町田康の『口訳 古事記』をAudibleで聴いている。町田康の文体とリズムはオーディオブック向きではなかろうかという予感はあったけれど、『古事記』の内容と相俟って、これが無茶苦茶面白い。神代の物語はもともと支離滅裂に聞こえるところがあるけれど、ワレ、ヌシ、ヤツガレで語られるとそのおかしさがやたら際立つ。ナレーターがまたよくて、これは笑える。

恐怖を失った男

ハヤカワの近刊で、クレイヴンの『恐怖を失った男』を読んでいる。行きがかりで放浪を続ける元特殊部隊の男が、かつての上司の頼みで行方不明となった娘の捜索に乗り出すという設定からは、ジャック・リーチャーが確立したジャンルものとしての血統を感じざるを得ないけれど、そうした事前の予想を超えた大盛りの雰囲気で思わず笑みが漏れる感じ。心ならずも官憲とやり合うことになってしまうのがこうした物語の定めというものだけれど、三分の一を過ぎる前に2度の留置という成り行きである。

炒飯狙撃手

『炒飯狙撃手』を読んでいる。台湾を舞台とした警察小説であり、ヨーロッパの広域を舞台にしたスリラーアクションでもあって、ちょっと面白味のあるタイトルはこうした意外な組み合わせも連想させ、まず飯が旨そうという美点を際立たせている。退職目前の刑事が追う軍が絡んだ陰謀は、実際の軍艦汚職を題材にしているそうだけど、それ以上に飯のリアリティが全てを納得させていく感じ。面白い。

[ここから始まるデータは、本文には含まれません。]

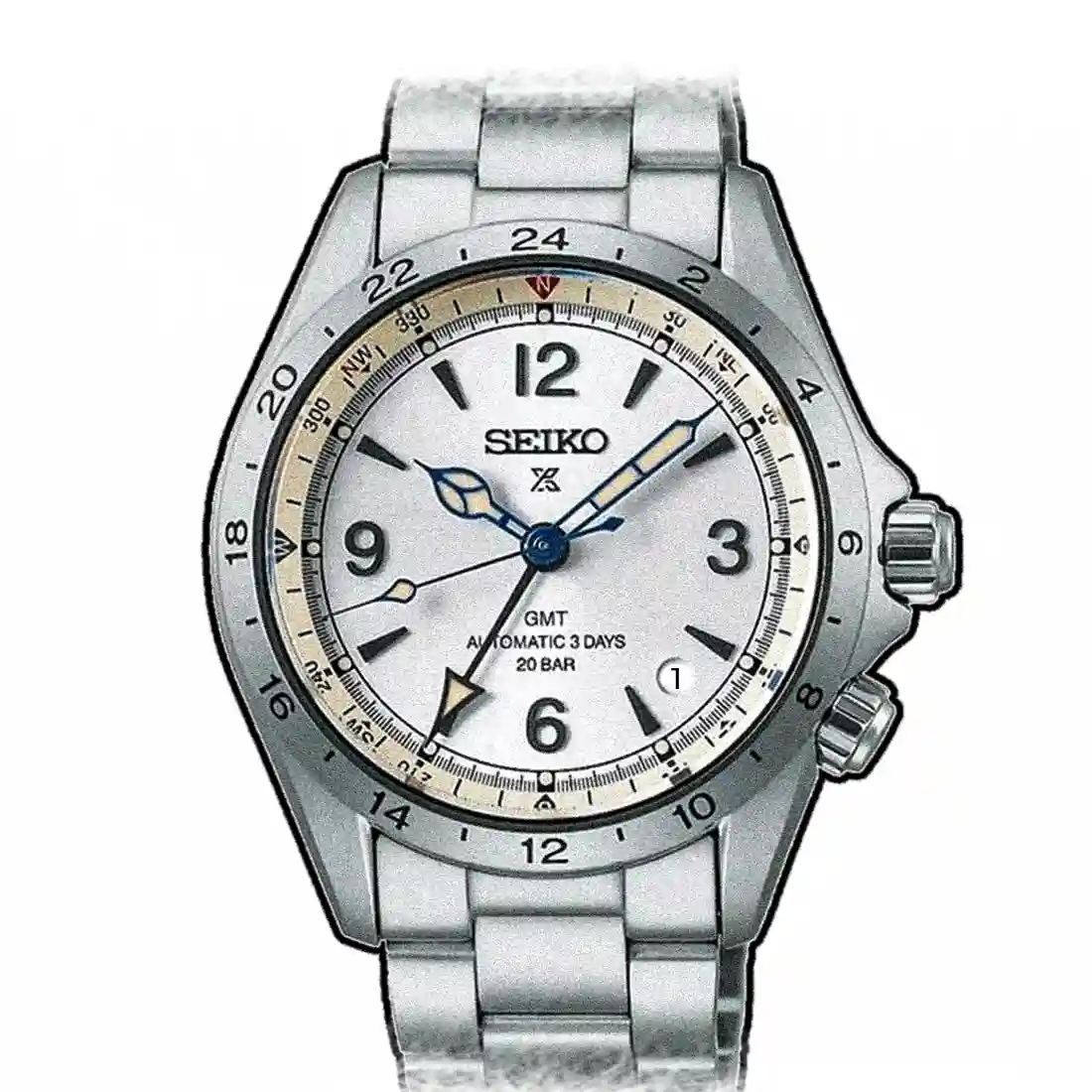 Seiko Prospex Automatik Weiß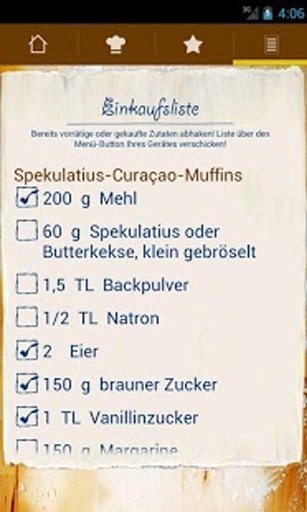 Muffins + Cupcakes Weihnachten截图5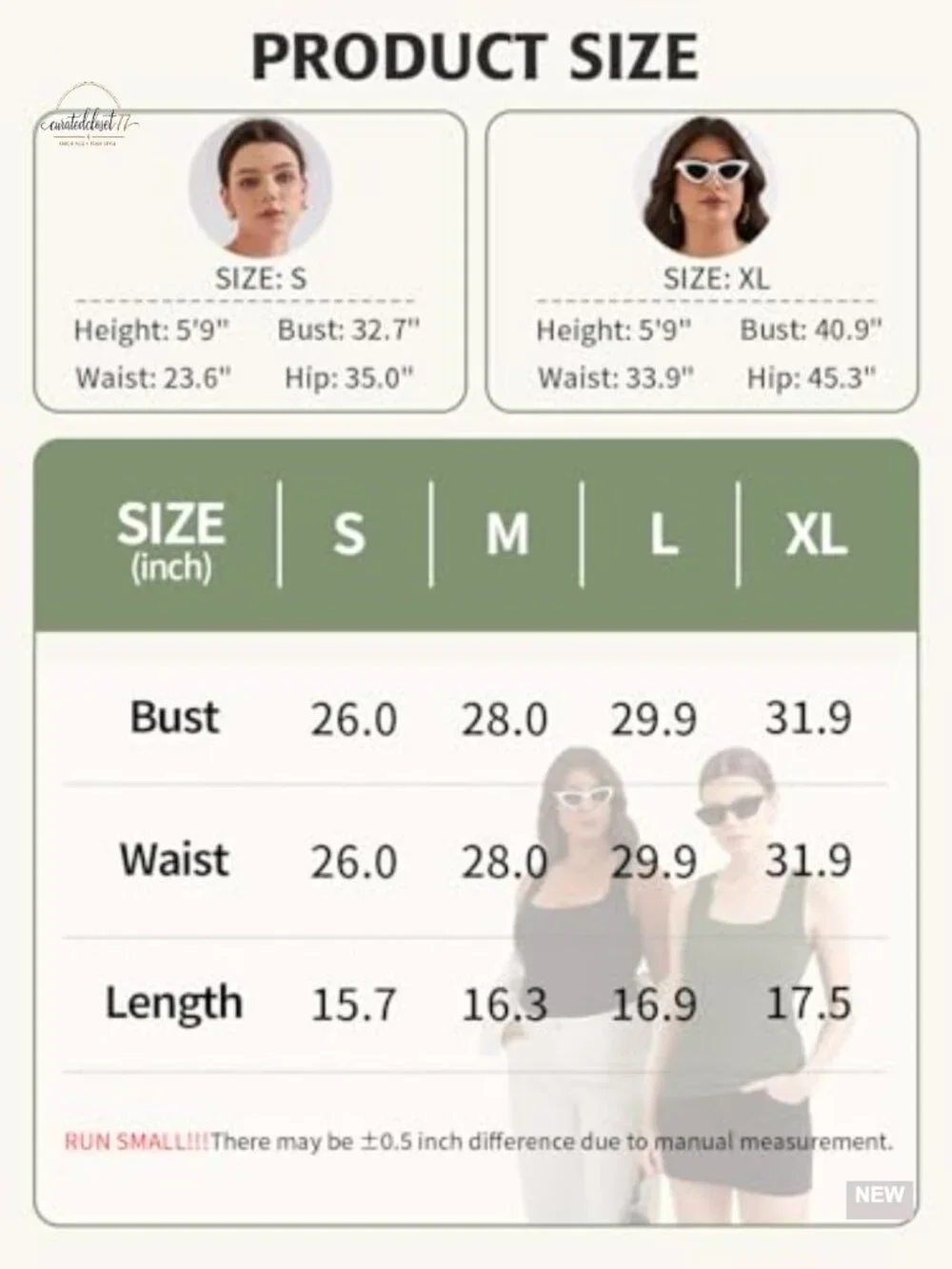 Square Neck Tank Top with Built-in Bra Ribbed Seamless Camisole Slim Fit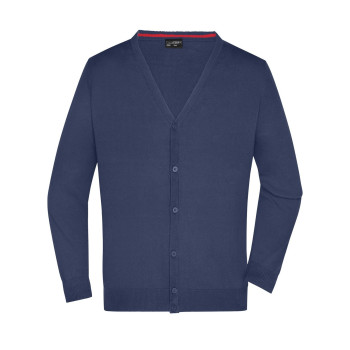 maglioni personalizzabili con logo - Men's V-Neck Cardigan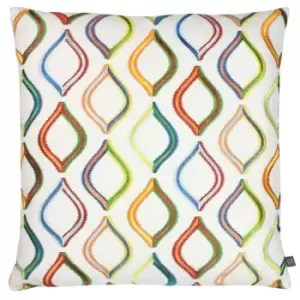 Image of Prestigious Textiles Spinning Top Polyester Filled Cushion Polyester Acrylic Jungle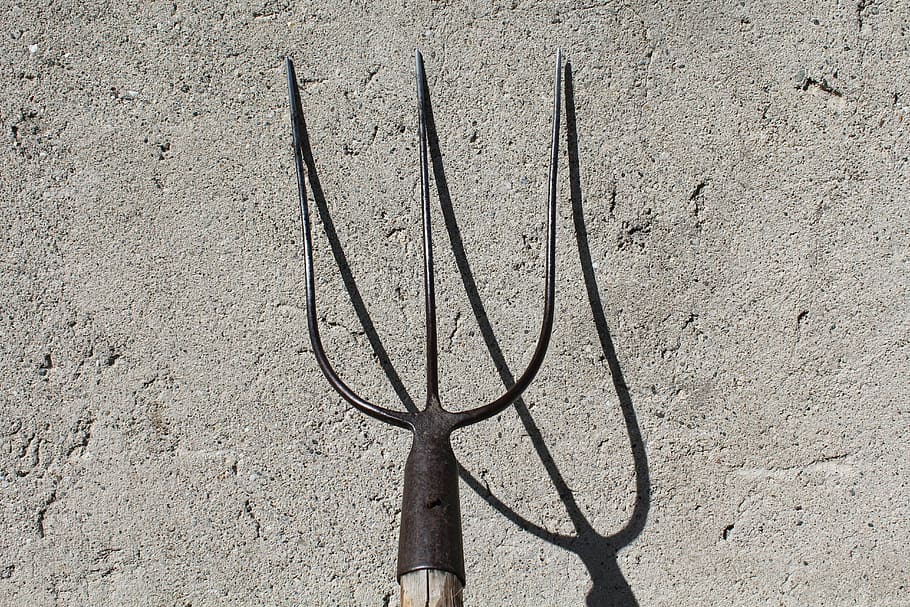 HD Wallpaper Pitchfork Gallows Agricultural Tool Agriculture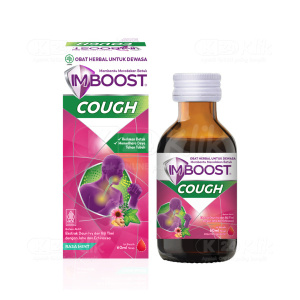 Apotek Online - IMBOOST COUGH ADULT SIRUP 60ML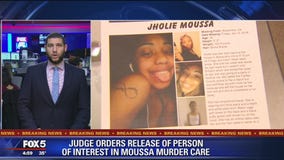 Person of interest in Jholie Moussa death case may be released from jail with GPS monitoring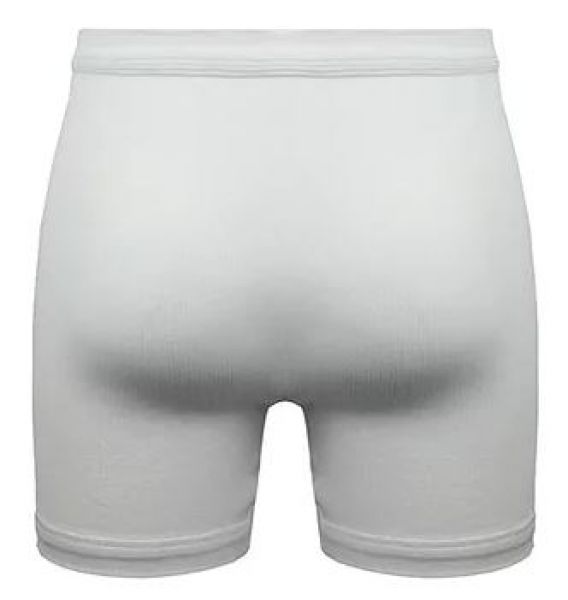 1015 | Pfeilring Doppelripp Herren Unterhose kurz weiss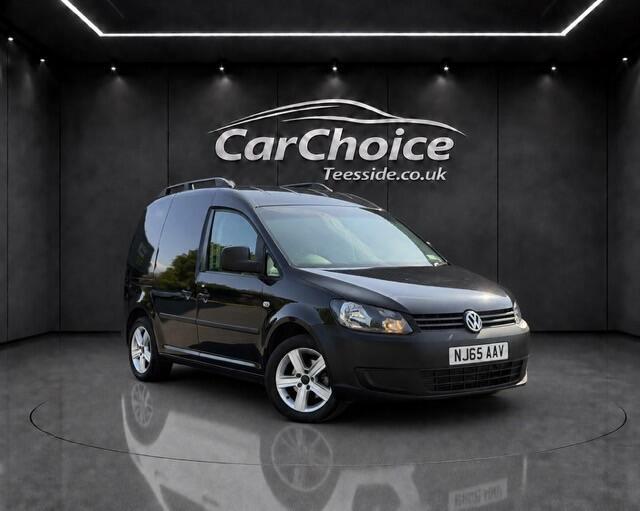 Volkswagen Caddy 1.6 Tdi C20 Startline L1 H1 Black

この日は羽田から北京に飛んで天津に移動。車の警笛が常に聴こえている。

デジタルボイス

Audibleで岩波新書の『感染症の歴史学』を聴く。はじめてAI音声で収録されたオーディオブックを聴いたけれど、ニュースのAI音声と同じく、ほとんど違和感のない発声なので、こうしたコンテンツが増加していっても不思議はないと思ったことである。一方で、俳優を起用した作品も多くなっているような気がするけれど、二極化がすすむのではなかろうか。

この日、イランの大統領の乗ったヘリが墜落したことが報じられ、追って搭乗者全員の死亡が確認される。中東の不確実性は高まる一方で何がどう転んでも不思議ではない。

昭和日記

青空文庫で『古川ロッパ昭和日記』を読んでいる。みっしりと書き込まれた日々の記録が、少しずつ変調して戦争に向かっていく。大きな流れのようなものが背後に立ち上がっていく様子が興味深い。稗史やオーラルヒストリーを好む所以だが、日々の細部の積み重ねがそれを生じているわけで、人生に一度きりの仕事だと思えば一層、感慨深い。

アーキタイプ

『両京十五日』を読み終える。いわゆる英雄の旅と西遊記を構成する物語要素に、陰謀と裏切りを加えて上等に煮込んだストーリーは結末まで隙間のない盛り上がりで実に面白かったのである。ことに敵役がその立場を替えながら物語の進行に果たす役割のかっこよさにはしびれる。読中、本邦なら浅田次郎といったあたりの手になる、特に出来のよい小説を思い起こさせる雰囲気があって、大河のような創作の繋がりはさまざまな枝をつくっていると感じたものである。

連休の合間のこの日、市場介入と思われる相場の急激な動きによって円はいったん153円の水準に戻すが、そもそも薄商いの状況でやや空威張りという気がしなくもない。シグナルを強調する効果はあったとして、それも一時的なものであろう。

両京十五日

このところ馬伯庸『両京十五日』を読んでいる。現在、第2巻の半ば、全体では75%の進捗といったところ。この中国産の小説は、明を舞台とした長大な冒険小説で何しろ滅法、面白いのでページを捲る手が止まらない。北京、南京を結ぶ運河を舞台に、王朝転覆の企みを躱し、それぞれの思惑を抱える一行が皇太子を助けながら時間制限のある決死行を展開する筋書きは、正しく明朝版の『深夜プラス1』といった感じ。因縁と呼ぶに相応しく入り組んだ設定が物語の奥行きを作り、定型と期待を外さない作法の良さもあって中華小説の完成度の高さに感心している。